By: Melissa Smuzynski
About nine years into my career as a television reporter, a big milestone happened in my personal life: I got married. During the months leading up to our wedding, my future husband and I planned out every small, painstaking detail. Creating the guest list was one of the hardest steps for us in the process. Together, we whittled down the list, marking off those with whom we weren’t really close until finally we had a solid guest list consisting of 100 of our closest friends and family. I’m telling you this story to make a point. On that list of close friends, and sitting in the pew the day my husband and I said “I Do”, were three PR people whom I met while working as a journalist.
You are probably already aware that public relations specialists often build a strong rapport with reporters. They work closely together to craft stories that both PR clients and news audiences will view as valuable. They understand and respect each other’s jobs and often speak very candidly about them. And occasionally, after working together for years, they get to know each other on a personal level.

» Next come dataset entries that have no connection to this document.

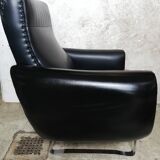 Fauteuil en cuir noir de luxe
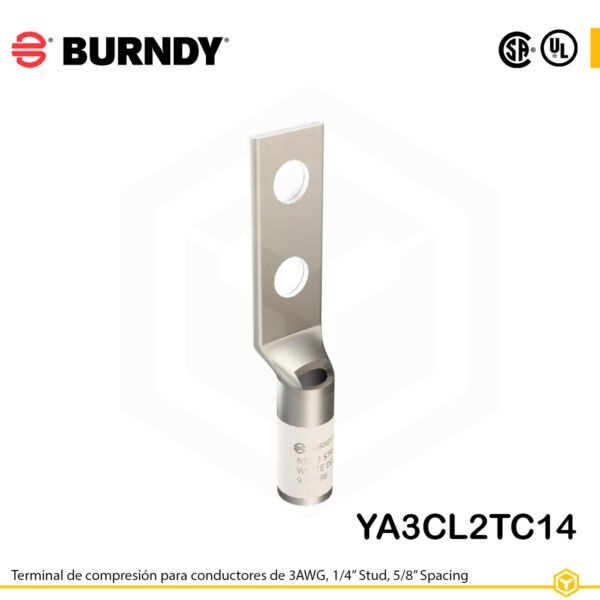 Terminal Burndy YA3CL2TC14 de cobre estañado, conductor 3 AWG, con dos orificios de perno de ¼″ separados 5/8″, barril estándar con ventana de inspección (color blanco).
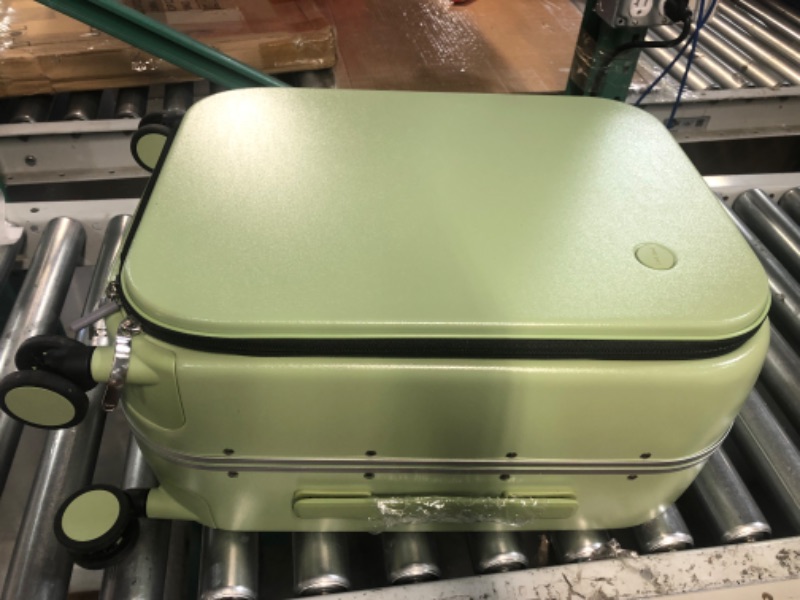 Photo 1 of **USED BUT APPEARS NEW**  Carry On Luggage, 20'' Suitcase with Front Laptop Pocket, Travel Rolling Luggage Aluminum Frame PC Hardside with Spinner Wheels & TSA Lock and Cover - Avacado Green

Three Reasons Reporters Love PR Pros
1: Knowledge: Public relations professionals not only know what reporters need to tell a good story, they know what they want! Sure, a reporter can tell a story with one interview from a company spokesperson, but they also want an interview with customers or employees. They want someone who can personalize the story for their audience. And good PR professionals deliver. This is partially about controlling the media exposure for your client, but a good PR rep will find the right person to personalize the story. They will find someone who will be a good ambassador for the brand or company, and prep them before a media interview. A good PR pro will provide a fact sheet about the company, product, or brand to ensure the story will be accurate, even if the reporter has a tight deadline. Then, they’ll hand all the elements over to the reporter for an easy one-stop-shopping story. It makes the reporter’s job easier and they will love you for it!
Epic Helicopters received great coverage by local station WFAA-TV.

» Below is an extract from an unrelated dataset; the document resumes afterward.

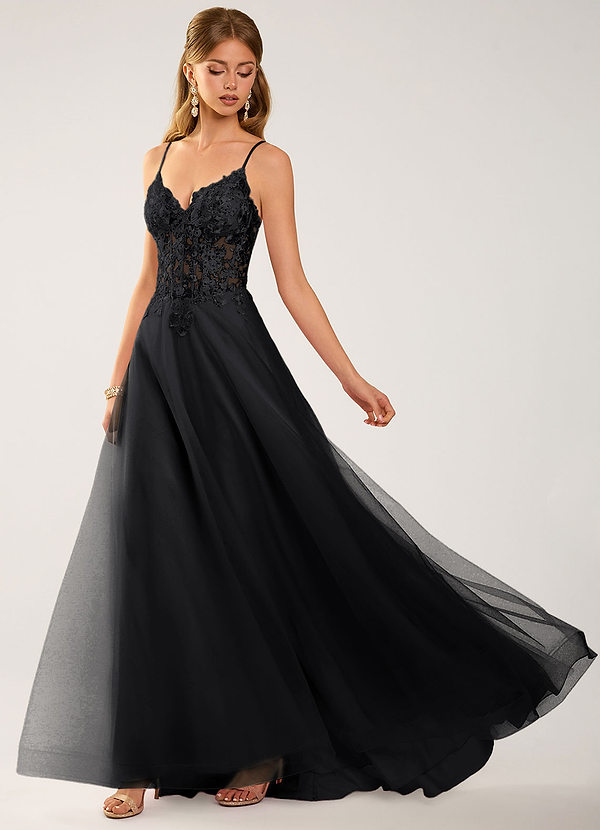 Calliem Black Beading Lace Tulle Prom Dress image1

2: Speak their Language: MOS, VOSOT, package, live shot, B-roll, IFB, nats, rendering, crunch time, outcue, soundbite, byline, timecode, making slot; if all of those words and letters seem like a foreign language to you, chances are you don’t speak “Reporter”. Reporters have their own language. They have words that are industry specific, and if a journalist has been in the business for even a small amount of time, that language becomes second nature to them. Many public relations professionals have backgrounds in journalism, and therefore can speak that same language. It builds trust, respect, and instantly they know you understand their job and the demands that come with it.
3: Help in a crunch: At one point or another, as a PR pro, you’ve probably saved a reporter’s butt. You’ve saved them from being chastised or berated by an overbearing boss. You’ve saved them from missing a deadline or walking into an editorial meeting without having a unique story to pitch. Reporters are constantly looking for stories. When reporters develop a good relationship with a public relations specialist, they will eventually start calling on them. Especially on those slower news days when there isn’t much going on. Whether it’s a holiday or just a quiet day for news, reporters still have to fill their allotted space in a newspaper or TV news broadcast. And that’s when they call their friends in PR, and like the hero you are, you save their butts and give them a great story about a client!
Let this be a lesson as well, pitch a story that can run on a holiday, and you’ll improve your chances of getting it covered… and who knows, you may receive an invitation to a reporter’s wedding.